Hong Kong stocks extend fall as western sanctions on China weigh

* HK->Shanghai Connect daily quota used -4%, Shanghai->HK daily quota used -0.9%

* HSI -1.3%, HSCE -1.7%, CSI300 -1.0%

* FTSE China A50 -0.6%

March 23 (Reuters) - Hong Kong shares closed lower for a third straight session on Tuesday, dragged down by consumer discretionary and material stocks, as western sanctions against China weighed on investor sentiment.

** The Hang Seng index fell 1.3%, to 28,497.38, while the China Enterprises Index lost 1.7%, to 11,111.18.

** The United States, the European Union, Britain and Canada imposed sanctions on Chinese officials on Monday for human rights abuses in Xinjiang, and Beijing hit back immediately with broad punitive measures against the EU.
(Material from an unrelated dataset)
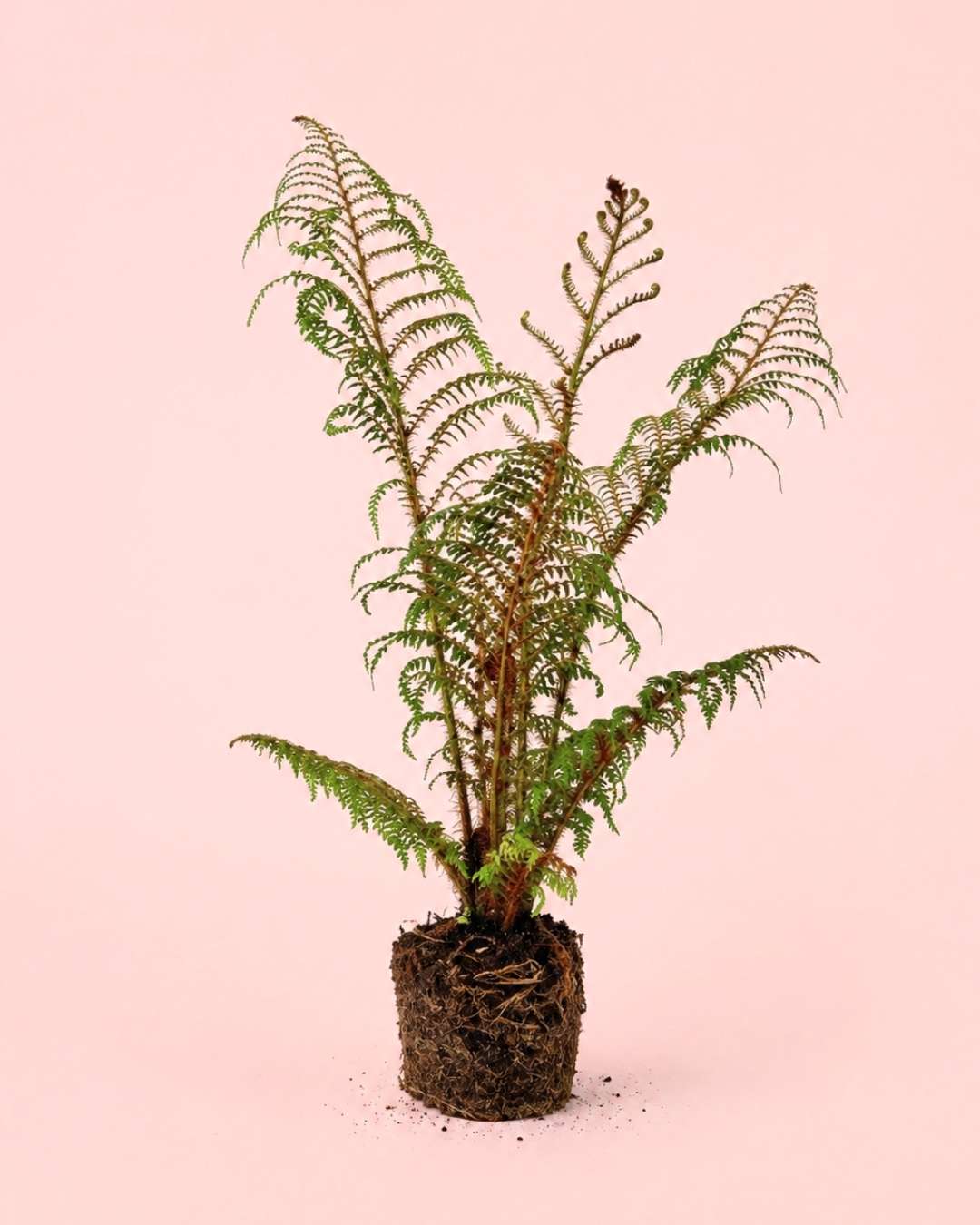 Helecho Arborescente - Cyathea tomentosissima M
** The Hang Seng consumer discretionary index and the Hang Seng materials index fell the most, down 4% and 5.6%, respectively.

** Tech firms, which are sensitive to Sino-U.S. relations, also dropped, with the Hang Seng tech index closing down 2.5%.

** Curbing investor sentiment further, shares of Chinese e-cigarette makers slumped as Beijing plans to tighten regulations. Smoore International Holdings Ltd tumbled as much as 39.3% before ending 27.2% lower.

** Baidu made a tepid debut in its Hong Kong secondary stock listing, bucking a trend of first-day pops on the bourse, as investors were wary of a fundraising flurry in the city and questioned the search company’s growth plans.

** Around the region, MSCI’s Asia ex-Japan stock index was weaker by 0.66%, while Japan’s Nikkei index closed down 0.61%.

** The yuan was quoted at 6.5113 per U.S. dollar at 08:15 GMT, 0.04% weaker than the previous close of 6.5084.